Work required:
Transcribe the listing verbatim. Do not carry over any pictures.

Source data:
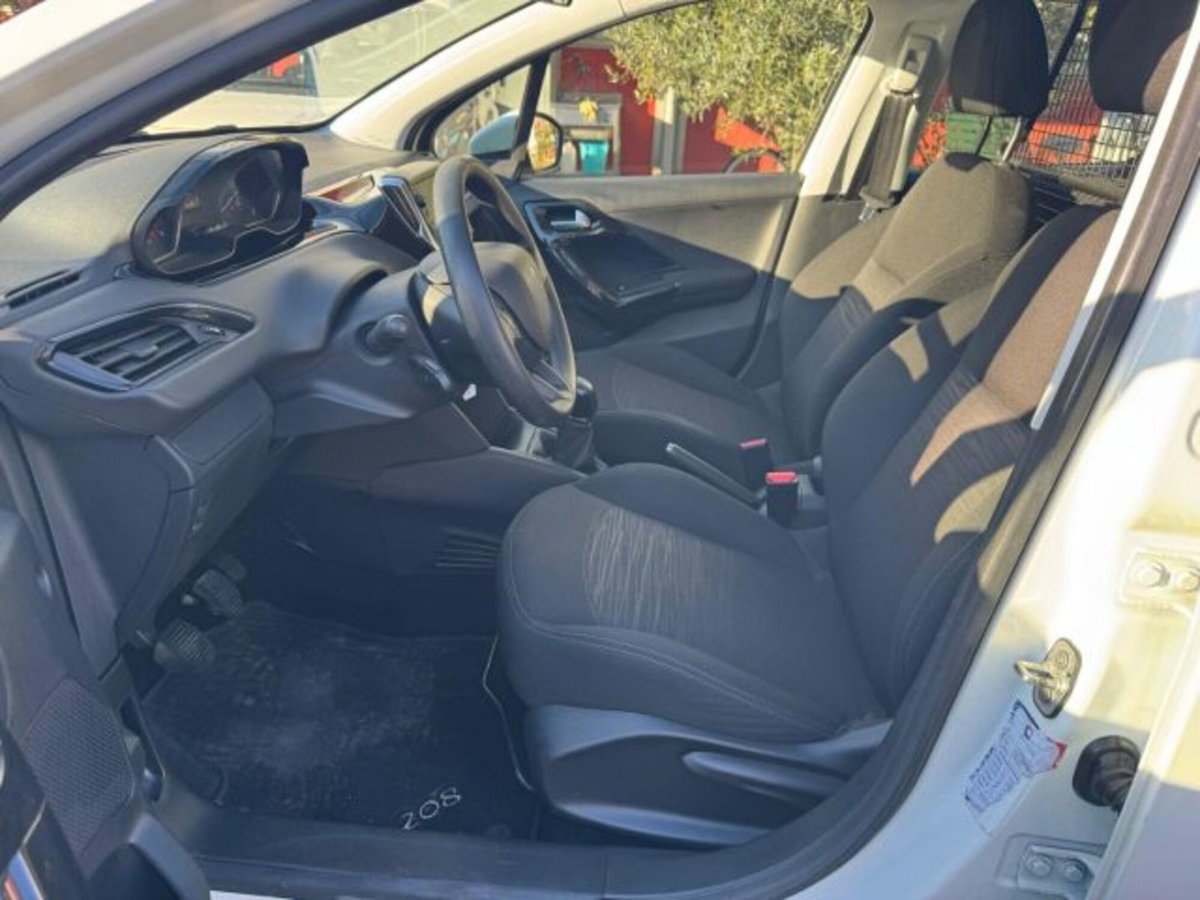 Peugeot 208 100 S&S 5 porte Van Active (14)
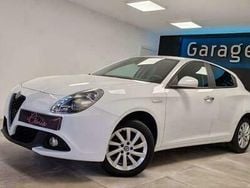 Wit Gebruikt 2017 Alfa Romeo Giulietta Hatchback | € 13.990 (Eerlijke prijs)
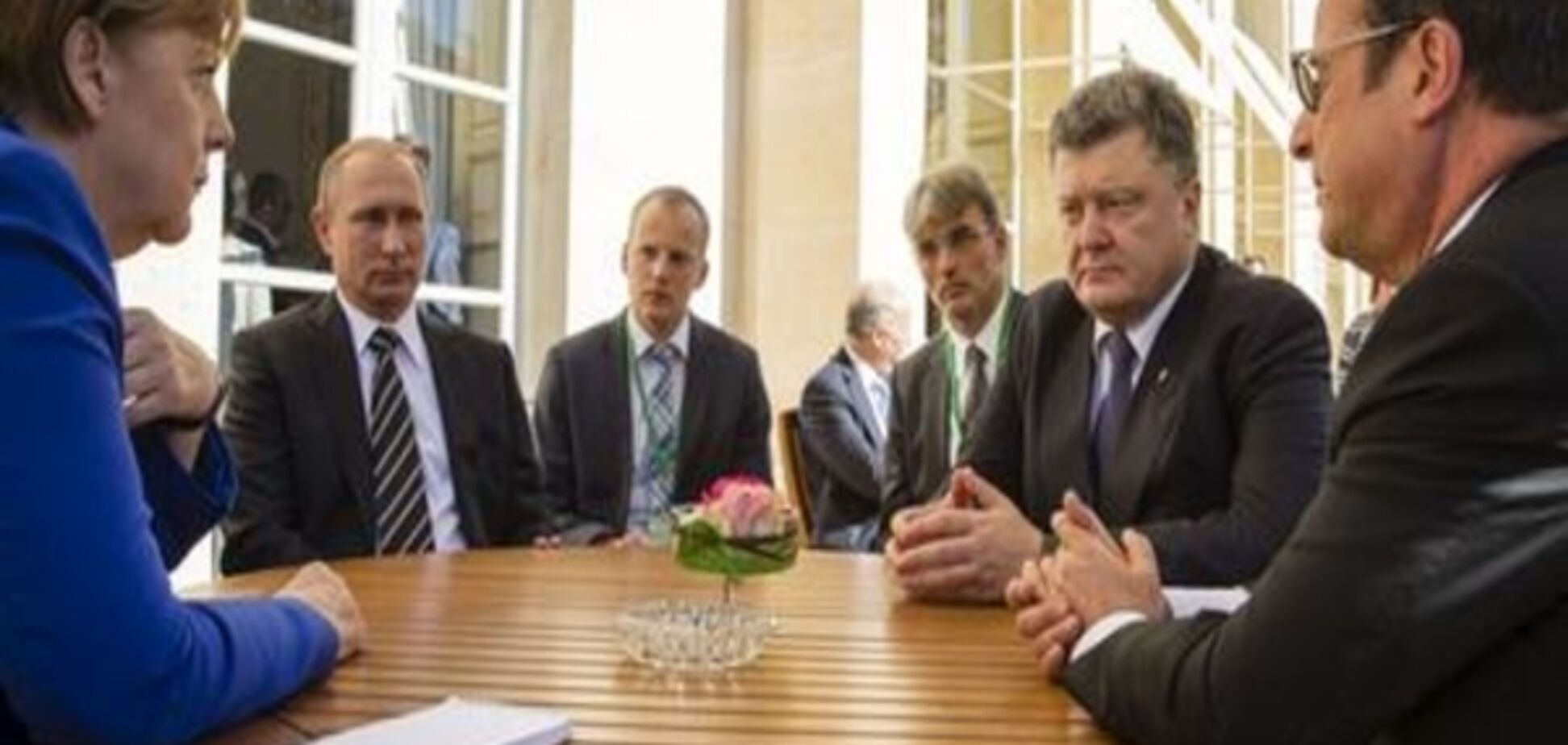 Посольство: Париж і Берлін і далі готові працювати у 'нормандському форматі'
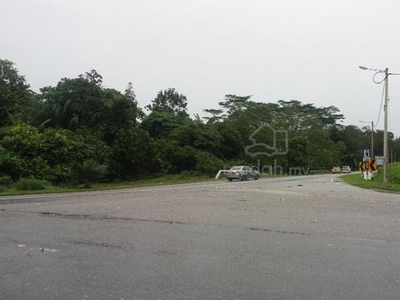 130ac Freehold land facing main road near Seremban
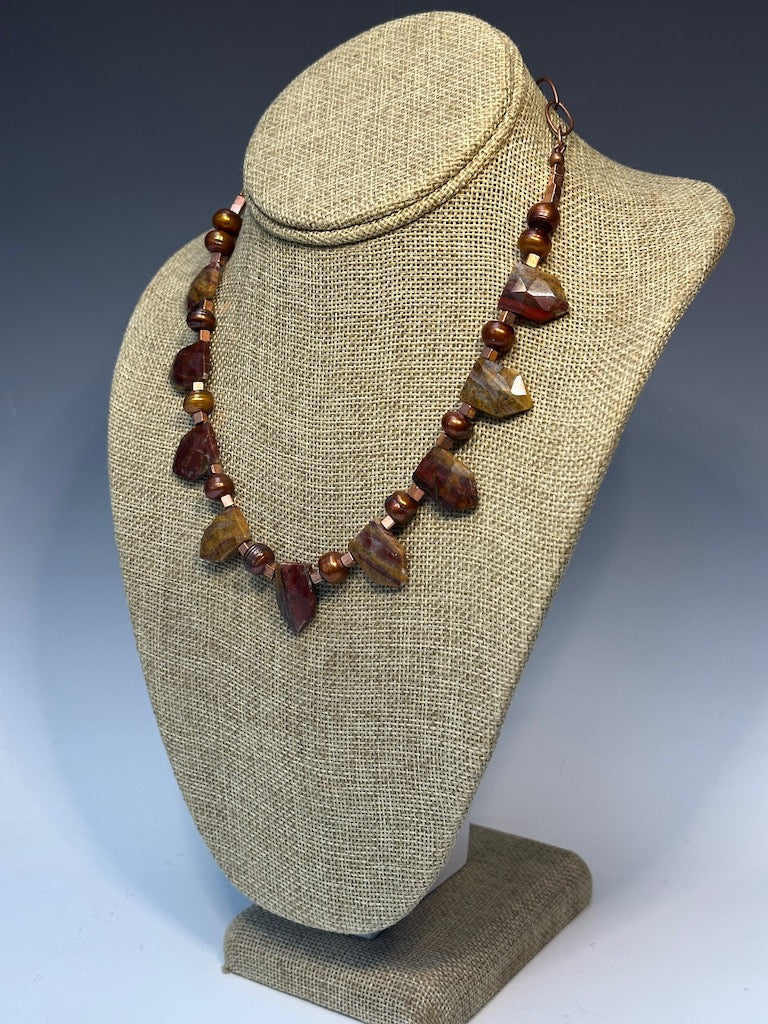 FACETED RED JASPER AND FRESH WATER PEARL NECKLACE LCN565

Your response:
 Peugeot 208 100 S&S 5 porte Van Active (14)
 Wit Gebruikt 2017 Alfa Romeo Giulietta Hatchback | € 13.990 (Eerlijke prijs)
 Посольство: Париж і Берлін і далі готові працювати у 'нормандському форматі'
 130ac Freehold land facing main road near Seremban
 FACETED RED JASPER AND FRESH WATER PEARL NECKLACE LCN565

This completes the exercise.